Required work: Give the lines again, unchanged, starting with the line containing "Ruskie pierogi. Jak je zrobić?" and ending with the last line of the data below.

── Supplied records

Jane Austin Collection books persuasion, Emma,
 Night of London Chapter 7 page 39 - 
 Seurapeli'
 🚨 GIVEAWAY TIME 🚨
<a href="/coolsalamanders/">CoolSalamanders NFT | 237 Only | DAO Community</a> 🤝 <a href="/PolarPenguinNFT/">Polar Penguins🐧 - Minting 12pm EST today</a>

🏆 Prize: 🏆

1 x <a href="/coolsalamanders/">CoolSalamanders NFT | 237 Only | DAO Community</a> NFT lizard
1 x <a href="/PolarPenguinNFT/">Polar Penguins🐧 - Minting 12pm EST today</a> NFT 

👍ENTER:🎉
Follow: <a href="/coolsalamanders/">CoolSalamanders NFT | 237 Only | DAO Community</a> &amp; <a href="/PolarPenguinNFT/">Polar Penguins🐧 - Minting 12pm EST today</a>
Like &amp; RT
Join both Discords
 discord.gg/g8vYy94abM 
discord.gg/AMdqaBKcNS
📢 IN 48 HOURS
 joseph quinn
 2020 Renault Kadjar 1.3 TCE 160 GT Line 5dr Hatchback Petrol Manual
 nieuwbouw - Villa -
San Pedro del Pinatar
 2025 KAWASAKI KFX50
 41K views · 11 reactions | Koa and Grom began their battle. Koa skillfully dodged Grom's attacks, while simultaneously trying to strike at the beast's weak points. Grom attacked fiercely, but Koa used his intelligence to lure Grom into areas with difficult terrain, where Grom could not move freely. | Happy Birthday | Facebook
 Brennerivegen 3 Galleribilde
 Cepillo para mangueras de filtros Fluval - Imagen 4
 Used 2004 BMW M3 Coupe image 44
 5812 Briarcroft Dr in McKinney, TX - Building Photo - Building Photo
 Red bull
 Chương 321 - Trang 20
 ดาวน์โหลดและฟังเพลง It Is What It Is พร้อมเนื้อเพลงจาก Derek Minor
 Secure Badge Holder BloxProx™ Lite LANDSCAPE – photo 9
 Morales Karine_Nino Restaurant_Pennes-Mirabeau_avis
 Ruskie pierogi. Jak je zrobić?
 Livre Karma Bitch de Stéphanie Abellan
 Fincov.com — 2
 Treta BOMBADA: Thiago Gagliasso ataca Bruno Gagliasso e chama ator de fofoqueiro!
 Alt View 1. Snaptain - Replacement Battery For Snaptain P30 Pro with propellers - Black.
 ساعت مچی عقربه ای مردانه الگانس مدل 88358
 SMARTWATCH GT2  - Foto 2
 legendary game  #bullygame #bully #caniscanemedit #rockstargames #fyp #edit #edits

────

Expected answer:
 Ruskie pierogi. Jak je zrobić?
 Livre Karma Bitch de Stéphanie Abellan
 Fincov.com — 2
 Treta BOMBADA: Thiago Gagliasso ataca Bruno Gagliasso e chama ator de fofoqueiro!
 Alt View 1. Snaptain - Replacement Battery For Snaptain P30 Pro with propellers - Black.
 ساعت مچی عقربه ای مردانه الگانس مدل 88358
 SMARTWATCH GT2  - Foto 2
 legendary game  #bullygame #bully #caniscanemedit #rockstargames #fyp #edit #edits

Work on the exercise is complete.